Desmond Morris:
'De naakte aap'/'De mensentuin'/'Intiem gedrag'
1968. Ik was twintig en meer dan ooit nieuwsgierig naar alles wat
met seks te maken had. Ongetwijfeld was ik dan ook een van de eersten die
Desmond Morris' boek 'De naakte aap; Een zoölogische studie van het
menselijke dier' kocht, niet in de laatste plaats vanwege het voor die
tijd prikkelende omslag, dat een blote heer en half zichtbaar blote dame
(de rest valt buiten het kader van de kaft) van achteren toont. Vooral
uit behoudende kringen kwamen nogal wat protesten tegen de inhoud, simpelweg
omdat het niet aanging de mens als kroon op Gods schepping te verlagen
tot het niveau van het dier. Vergeet niet dat de evolutietheorie in brede
lagen van de bevolking nog geen algemeen aanvaard goed was.

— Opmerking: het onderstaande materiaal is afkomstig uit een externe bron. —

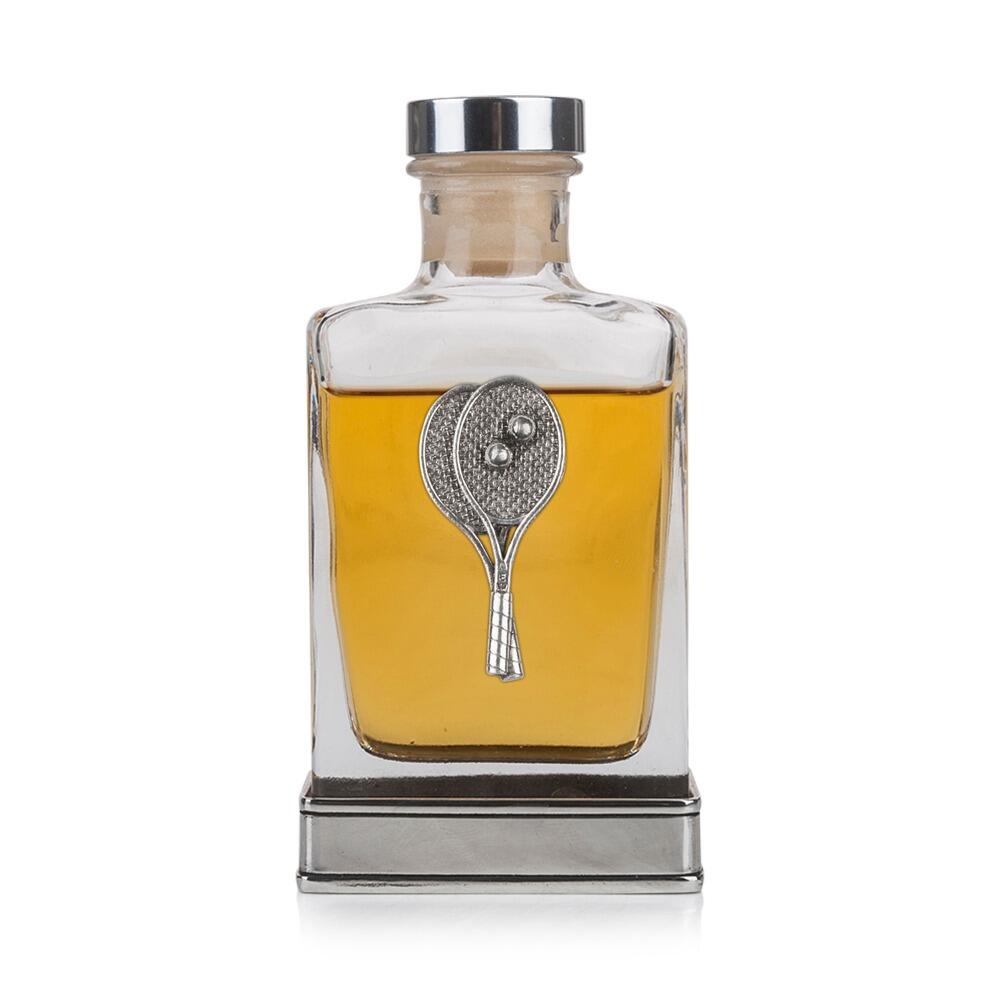 A glass flask with a pewter base and a handcrafted pewter tennis emblem on the front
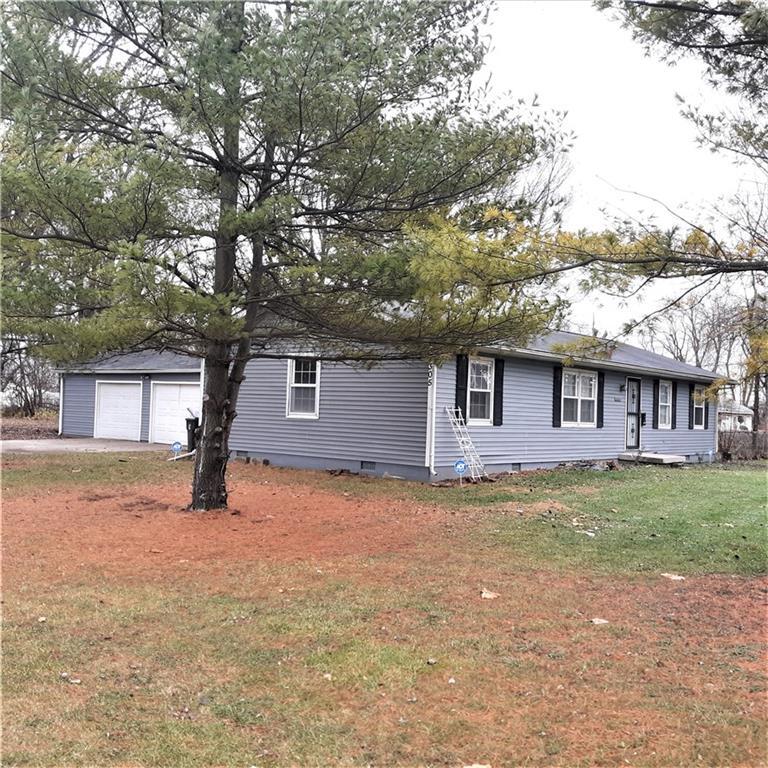 2305 East Hickory Street Decatur, IL 62521 - Photo 1 of 1 a house that has a tree in front of it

Wat de seks betreft kwam ik overigens goed aan mijn trekken, want het langste
hoofdstuk behandelt uitgerekend dit onderwerp, compleet met smakelijke
details over lengte en dikte van de geslachtsorganen, waarmee de menselijke
soort in vergelijking met andere diersoorten royaal bedeeld is. In mijn
vriendenkring kreeg 'De naakte aap' een soort cult-status: iedereen las
het en iedereen praatte erover. Het exemplaar in mijn boekenkast is dan
ook zwaar gehavend, veel meer trouwens dan de volgende delen van de trilogie:
'De mensentuin' en 'Intiem gedrag'.
De Nederlandse vertaling van de trilogie verscheen tussen 1968 en 1972.
Een dierkundige benadering van het verschijnsel mens, compleet met verklaringen
waarom juist dit dier zich in zijn ontwikkeling zo onderscheidt van andere
primaten, was betrekkelijk nieuw en had een hoog informatief gehalte.

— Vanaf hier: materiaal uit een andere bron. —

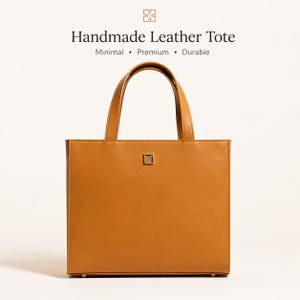 May include: A tan leather tote bag with short handles. The bag has a rectangular shape with a small square metal emblem on the front. The text "Handmade Leather Tote" is above the bag, with the words "Minimal, Premium, Durable" below.
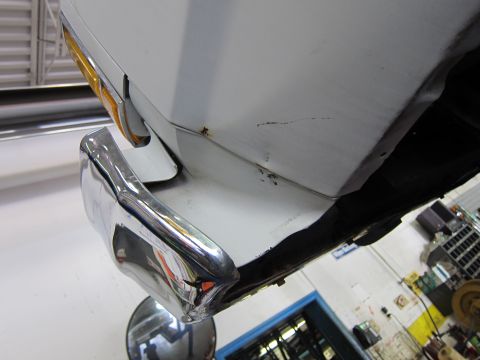 1991 Ford LTD Crown Victoria - Close-up of a chrome bumper and fender corner on a white vehicle.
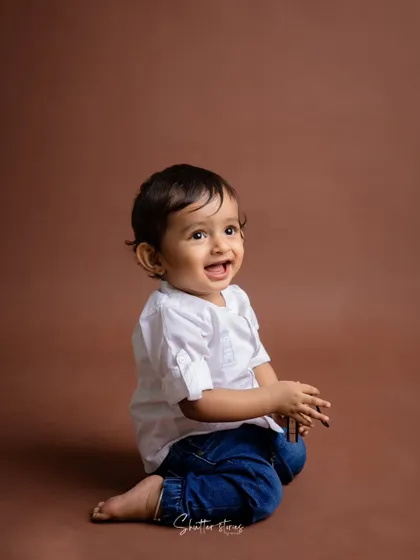 A candid moment of laughter from the same toddler, captured against a simple brown backdrop.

Is dat 25 jaar na dato, nu de uitgever de trilogie opnieuw uitbrengt in
een goedkope herdruk, nog het geval?
Door de mededeling op het omslag van de boekjes dat het zou gaan om een
'geheel herziene editie' waren de verwachtingen hooggespannen. 'Herzien'
betekent immers: aangepast aan de nieuwste zoölogische inzichten en
wellicht (wat ik hoopte) voorzien van andere interpretaties (met name waar
waarden, normen en oordelen aan de orde zijn waren Morris' uitspraken bepaald
tijdgebonden). Van een algehele herziening is echter geen sprake. De auteur
heeft zijn boeken niet aangepast, de Nederlandse tekst is bewerkt, voor
zover die gedateerd was. Zo heeft Morris het bijvoorbeeld over 'recent
onderzoek' en uiteraard kon die uitdrukking niet gehandhaafd blijven en
verdween het woord 'recent' in de tekst. Een nauwkeurige vergelijking van
willekeurige bladzijden uit twee van de drie boeken (Elke negende bladzijde
van de 'Naakte aap' met de overeenkomstige bladzijde uit de herdruk en
elke zevende bladzijde uit 'Intiem gedrag') bevestigde die indruk. Maar
ook zonder die wijzigingen blijft de trilogie vermakelijke en vooral curieuze
lectuur.
In 'De naakte aap' beschrijft de dierkundige Desmond Morris de belangrijkste
kenmerken en gedragingen van 'de enige apesoort zonder haar: de mens'.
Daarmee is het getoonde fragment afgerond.